According to Cyprus-based credit-rating firm Capital Intelligence, "the OBU sector remains arguably over-reliant on short-dated foreign wholesale deposits and, therefore, exposed and vulnerable to literally overnight and serious disruptions in their ongoing ability to fund their operations". This weakness was highlighted after the 1990 invasion of Kuwait when foreign banks suspended interbank placement and would not roll over existing deposits at any price.

In an attempt to minimize the risk of a further collapse in confidence, the financial sector is putting on a public display of confidence, insisting that it is business as usual. One senior government official told Euromoney: "Stability is a key factor to every country, and I believe the present crisis is only a temporary phase and that Bahrain will maintain the stability it has always had. There are no problems with market liquidity."

This view is reiterated by Ghazi Abdul-Jawad, the general manager of Gulf International Bank (GIB), the second-largest financial institution based in Bahrain. "There is some concern, of course, because security is a prerequisite for a financial centre. But there is no reluctance among counterparties to place money with us or a reluctance to trade with us. I have not seen any of our expatriates losing sleep or wishing to relocate. We are still able to recruit talent. No insurance companies are declining to quote and there is no escalation in premiums. But we should not be complacent, because our business depends on trust," he says. GIB has just reached agreement on a $250 million seven-year international syndicated loan for the bank's general funding.

One European manager says that he saw "no sign of a flight of capital. I have seen two substantial amounts of money withdrawn ­p; but that has nothing to do with the present problems".

Bahrain's ability to ride this current storm is based on more than just sentiment. One of its strongest assets is the reputation of the Bahrain Monetary Agency (BMA), the central bank, as a rigorous regulator. This reputation has been steadily built up since an initial period in the 1980s when some foreign institutions expressed doubts about the quality of its management.

If some complain that the BMA is too rigid ­p; it is, for example, insisting that all domestic banks use its Switch system for electronic banking, including one bank which does not have an ATM anywhere else in the world ­p; there is now considerable respect for it as both a helpful and a firm manager of the banking system.

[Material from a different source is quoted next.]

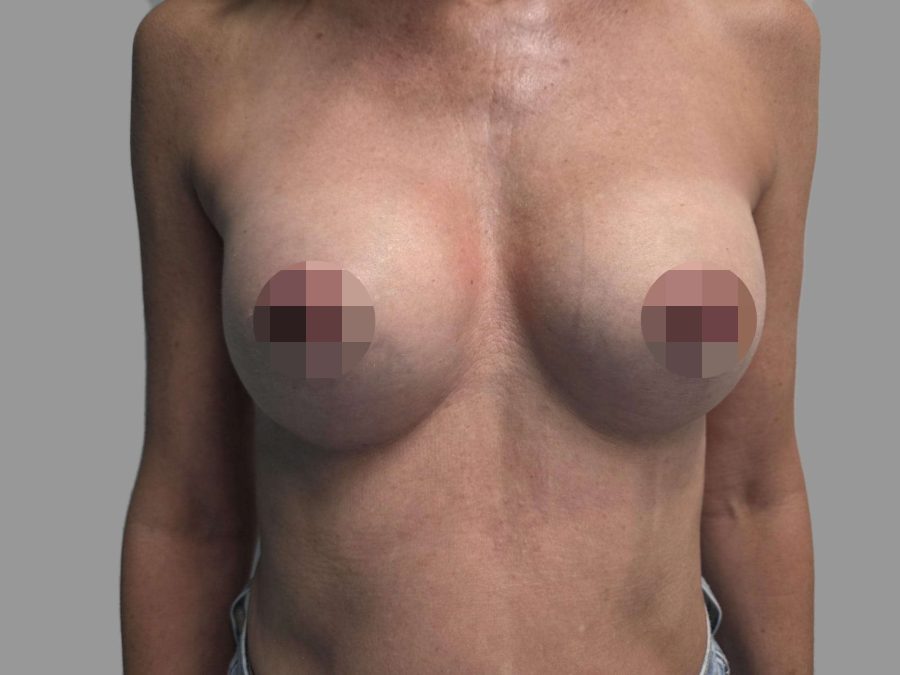 Breast Augmentation (Enlargement) - After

Capital Intelligence says: "The balance between the BMA's relatively flexible and collegial supervisory role and its rigorously professional approach to ensuring compliance with the letter and spirit of the regulatory framework, has earned the agency high marks and enhanced the reputation and integrity of the financial marketplace ... These provide the island with an important competitive advantage in its concerted drive to maintain its hard-earned position as the Middle East's pre-eminent financial services centre." This view is confirmed by the senior and local bankers, who praise the thoroughness of bank audits and the efficiency with which the performance of financial institutions is monitored.

No real competition

Abdulla Saif, BMA governor since 1981, wants to tighten the rules still further. "Our banks meet the BIS (Bank for International Settlements) standard in that they have a capital adequacy ratio of 8% or more. But I want to go further. We are urging them to go to 12%, which more and more international regulators are now insisting on," he says.

Bahrain's second strength is that there is no real competition as a regional banking centre. Although an increasing number of companies are choosing Dubai as their Gulf headquarters, there is little evidence that any of the significant banks will follow. "Even if trade and commerce go to Dubai, I believe the financial market will stay in Bahrain," says Abdullah Saudi, founder and former chief executive of the Arab Banking Corporation (ABC) and now an independent investment consultant in Bahrain.

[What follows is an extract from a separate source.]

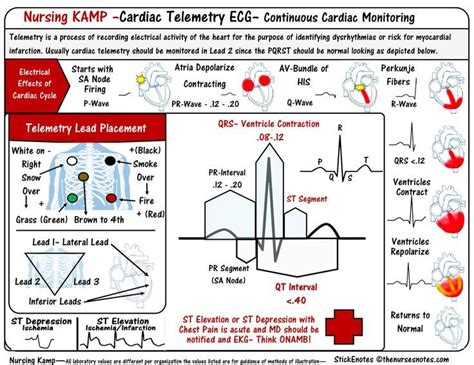 Cardiac Ecg Ekg Electrocardiogram Telemetry Overview Of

No other Gulf central bank can match the BMA's reputation as a regulator, a standing that bankers believe could be challenged only if the United Arab Emirates (UAE) develops a cohesion between Dubai and Abu Dhabi, which has yet to be seen.

The BMA's reputation has been built up in difficult times. One banker noted: "In the past 15 years we have seen the Iran/Iraq war, the Kuwait Stock Exchange crash, a regional recession and the removal of credit lines when Kuwait was invaded. Even though some banks have got into trouble, the problems have all been resolved without a collapse."

Bahrain's geographic proximity to the main regional market in Saudi Arabia ­p; to which it is linked by a causeway ­p; is another advantage. "Our main business is funding projects in the Gulf Cooperation Council (GCC) states ­p; Saudi Arabia, Kuwait, Bahrain, UAE, Qatar and Oman," says GIB's Abdul-Jawad. "This takes up between 65% and 70% of our funding, and within that Saudi Arabia takes up by far the highest proportion. It is a major market for our bank."

Critical to Bahrain's continued success is the presence of the major market-makers, such as GIB, ABC and Citibank. "The question is, could we do our business better ­p; and that means in Saudi Arabia ­p; anywhere else than in Bahrain," says one overseas banker. "The fact is that the syndication market is here. As well as the market-makers, they are surrounded by the smaller players. Many of the big banks are in the Emirates, but they do not operate a coherent syndicated market there."

The tax-free environment has given Bahrain an added attraction as a booking place for loans for the Indian subcontinent and south-east Asia. Bankers also emphasize the quality of local staff, many of whom have been taught at the country's training centre. No other Gulf state provides a comparable layer of middle-class management, which now, says the BMA, means that the business is between 80% and 85% Bahraini. The only negative element of this, say bankers, is that it is much more difficult to dismiss local staff.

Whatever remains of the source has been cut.